Qualcun altro
Europa League, scrivo di questo, ancora.
Perdonatemi, non piu' tardi di ieri sera mi sono rivisto per l'ennesima volta la finale. Io, che non avevo avuto il coraggio di vederla in diretta. Ma so di essere in buona compagnia...
Il tempo e' galantuomo, mette tutte le cose nel giusto ordine, nella giusta prospettiva. I momenti speciali nelle vite di ciascuno sono sempre vissuti in modo estremamente diverso mentre accadono rispetto a quando li si somatizza con il passare dei giorni.

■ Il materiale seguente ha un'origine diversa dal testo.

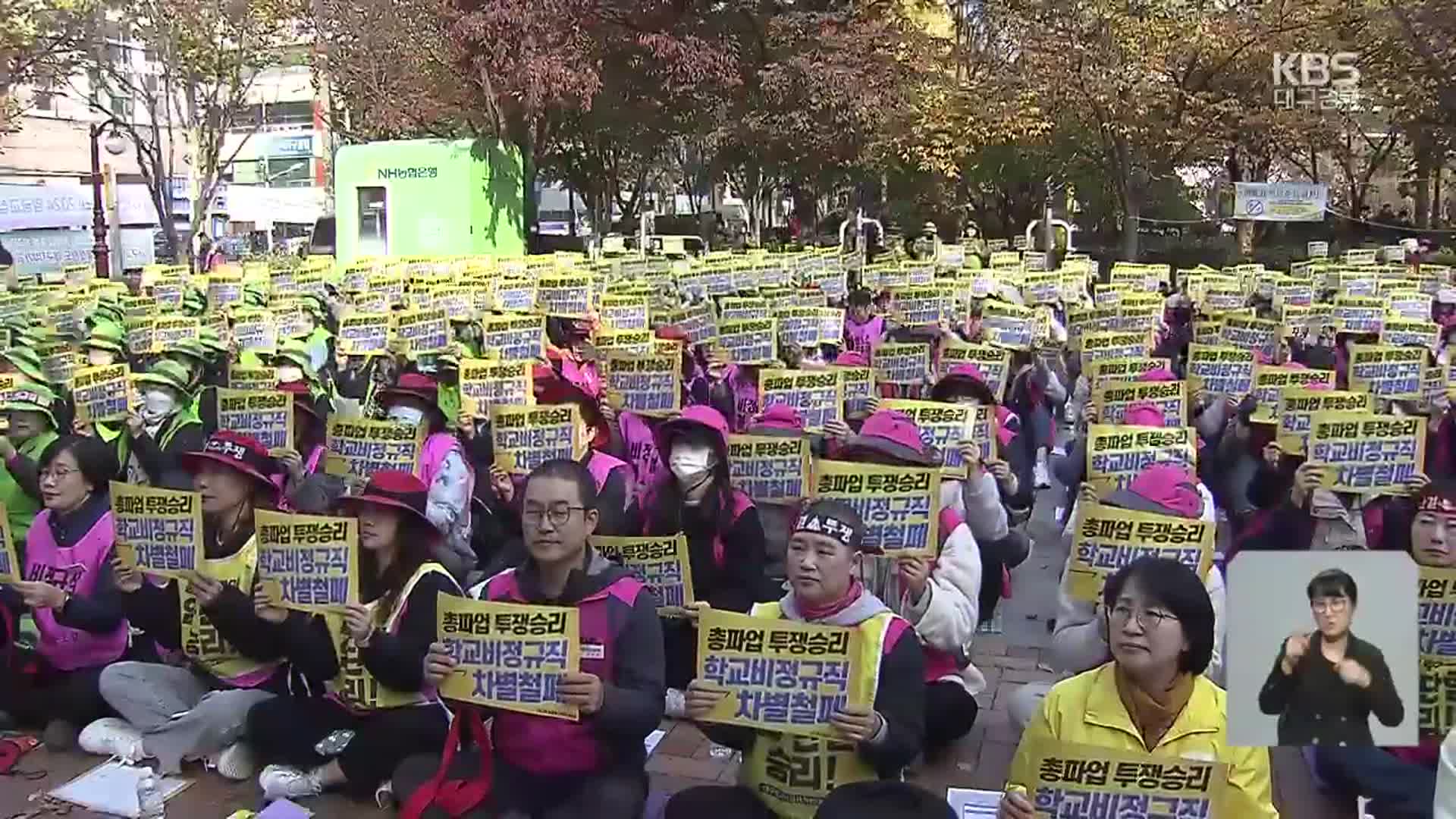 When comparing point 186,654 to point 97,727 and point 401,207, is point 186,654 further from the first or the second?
point 401,207

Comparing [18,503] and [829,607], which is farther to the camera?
[18,503]

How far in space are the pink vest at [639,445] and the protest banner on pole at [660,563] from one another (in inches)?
80.9

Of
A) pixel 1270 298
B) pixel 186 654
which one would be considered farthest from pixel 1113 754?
pixel 1270 298

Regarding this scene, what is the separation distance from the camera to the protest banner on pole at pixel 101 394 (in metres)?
8.12

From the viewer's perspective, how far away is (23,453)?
7.06 meters

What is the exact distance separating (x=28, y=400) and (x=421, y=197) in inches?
800

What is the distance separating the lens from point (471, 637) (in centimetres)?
411

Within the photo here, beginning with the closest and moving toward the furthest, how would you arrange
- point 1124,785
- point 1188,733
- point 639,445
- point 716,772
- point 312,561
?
point 1124,785, point 1188,733, point 312,561, point 716,772, point 639,445

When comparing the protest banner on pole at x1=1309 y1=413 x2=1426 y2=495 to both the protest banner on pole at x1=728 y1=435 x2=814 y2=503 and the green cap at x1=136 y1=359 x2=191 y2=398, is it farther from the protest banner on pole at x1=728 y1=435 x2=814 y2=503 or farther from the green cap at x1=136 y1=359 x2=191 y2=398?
the green cap at x1=136 y1=359 x2=191 y2=398

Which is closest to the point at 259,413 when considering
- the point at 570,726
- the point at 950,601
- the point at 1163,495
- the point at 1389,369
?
the point at 570,726

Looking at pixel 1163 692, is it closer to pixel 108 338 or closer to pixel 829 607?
pixel 829 607

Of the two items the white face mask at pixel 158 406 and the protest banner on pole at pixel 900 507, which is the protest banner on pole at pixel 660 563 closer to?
the protest banner on pole at pixel 900 507

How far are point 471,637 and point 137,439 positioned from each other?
453cm

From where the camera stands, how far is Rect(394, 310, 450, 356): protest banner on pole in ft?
36.1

L'Irlanda è il regno delle fate e dei folletti, è un'isola a se' estremamente particolare. Lo si capisce dall'atmosfera, dall'ambiente, dalla sua gente e dalle sue tradizioni.

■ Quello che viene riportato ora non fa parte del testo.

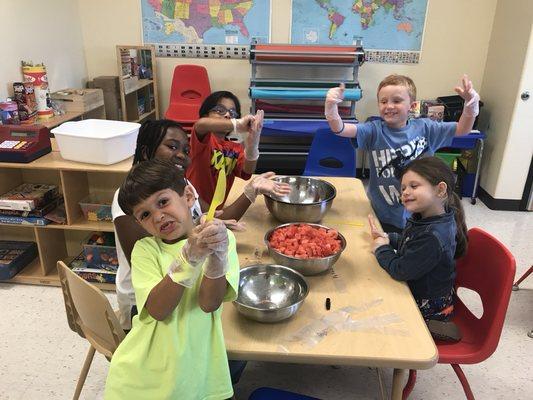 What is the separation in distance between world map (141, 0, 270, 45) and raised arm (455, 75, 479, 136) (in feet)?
8.56

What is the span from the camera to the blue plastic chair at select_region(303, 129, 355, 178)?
278cm

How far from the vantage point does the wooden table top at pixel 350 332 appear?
3.54 ft

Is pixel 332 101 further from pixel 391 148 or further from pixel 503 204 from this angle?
pixel 503 204

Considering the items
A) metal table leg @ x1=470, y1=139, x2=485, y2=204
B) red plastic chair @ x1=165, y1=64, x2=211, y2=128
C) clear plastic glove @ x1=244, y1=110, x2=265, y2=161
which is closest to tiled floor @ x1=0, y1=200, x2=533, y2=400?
clear plastic glove @ x1=244, y1=110, x2=265, y2=161

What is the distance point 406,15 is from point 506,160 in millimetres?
1525

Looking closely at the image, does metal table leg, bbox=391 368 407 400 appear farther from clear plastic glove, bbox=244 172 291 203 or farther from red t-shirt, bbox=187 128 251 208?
red t-shirt, bbox=187 128 251 208

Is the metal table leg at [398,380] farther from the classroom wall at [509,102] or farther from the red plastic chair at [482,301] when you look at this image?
the classroom wall at [509,102]

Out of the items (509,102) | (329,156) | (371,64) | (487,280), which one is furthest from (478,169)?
(487,280)

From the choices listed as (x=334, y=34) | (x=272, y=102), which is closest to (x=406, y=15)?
(x=334, y=34)

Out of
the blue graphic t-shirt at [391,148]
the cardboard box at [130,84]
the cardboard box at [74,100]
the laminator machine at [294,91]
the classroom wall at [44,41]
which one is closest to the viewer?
the blue graphic t-shirt at [391,148]

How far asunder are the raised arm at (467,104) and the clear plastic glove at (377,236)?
604mm

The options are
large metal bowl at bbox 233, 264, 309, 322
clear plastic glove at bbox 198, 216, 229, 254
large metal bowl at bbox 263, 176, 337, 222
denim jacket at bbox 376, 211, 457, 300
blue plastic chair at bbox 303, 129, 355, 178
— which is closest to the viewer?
clear plastic glove at bbox 198, 216, 229, 254

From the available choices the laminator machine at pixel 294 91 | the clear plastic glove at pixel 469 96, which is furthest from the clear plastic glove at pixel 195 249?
the laminator machine at pixel 294 91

The "perfect journey", la traiettoria perfetta dell'Atalanta, autrice di una finale da sogno al termine di un torneo da sogno, non poteva che concludersi in quella terra sognante che, come tifosi, non avevamo mai visitato e chissa' quando visiteremo ancora.
C'e' qualcosa di soprannaturale che si insinua nella mente quando si pensa a quanto e' successo. Qualcosa di insolito che si siede accanto a noi e che pretende di non essere considerato tale. Le vittorie schiaccianti, i colpi di fortuna, i segnali del destino.

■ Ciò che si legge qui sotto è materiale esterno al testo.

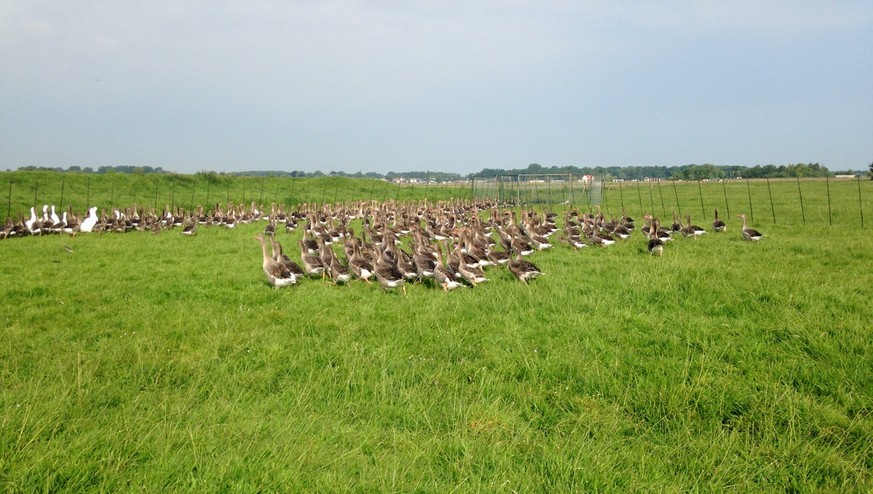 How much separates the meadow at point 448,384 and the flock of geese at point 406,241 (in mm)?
717

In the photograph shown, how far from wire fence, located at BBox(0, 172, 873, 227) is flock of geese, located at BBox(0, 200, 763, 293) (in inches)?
141

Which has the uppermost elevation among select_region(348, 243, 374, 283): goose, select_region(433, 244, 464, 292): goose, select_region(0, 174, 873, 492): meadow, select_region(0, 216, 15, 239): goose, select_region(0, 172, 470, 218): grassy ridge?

Quei "3-0" ripetuti come un mantra a ribadire l'eccezionalita', l'anormalita', la distanza estraniante tra il momento e il rapporto tra le forze in campo. I colpi di fortuna, almeno uno a partita, che avrebbero potuto attivare sliding doors pericolose. Ricordo il palo / traversa preso a Liverpool sullo zero a zero, la clamorosa occasione di Aubameyang a Marsiglia, la "ciccata" di Wirtz (credo) in finale. E ce ne sarebbero altre.
I segnali del destino, come l'amico che scorge all'Aviva tra i tifosi presenti, uno che indossa la maglia del Parma 1999, ultima squadra italiana a vincere la coppa.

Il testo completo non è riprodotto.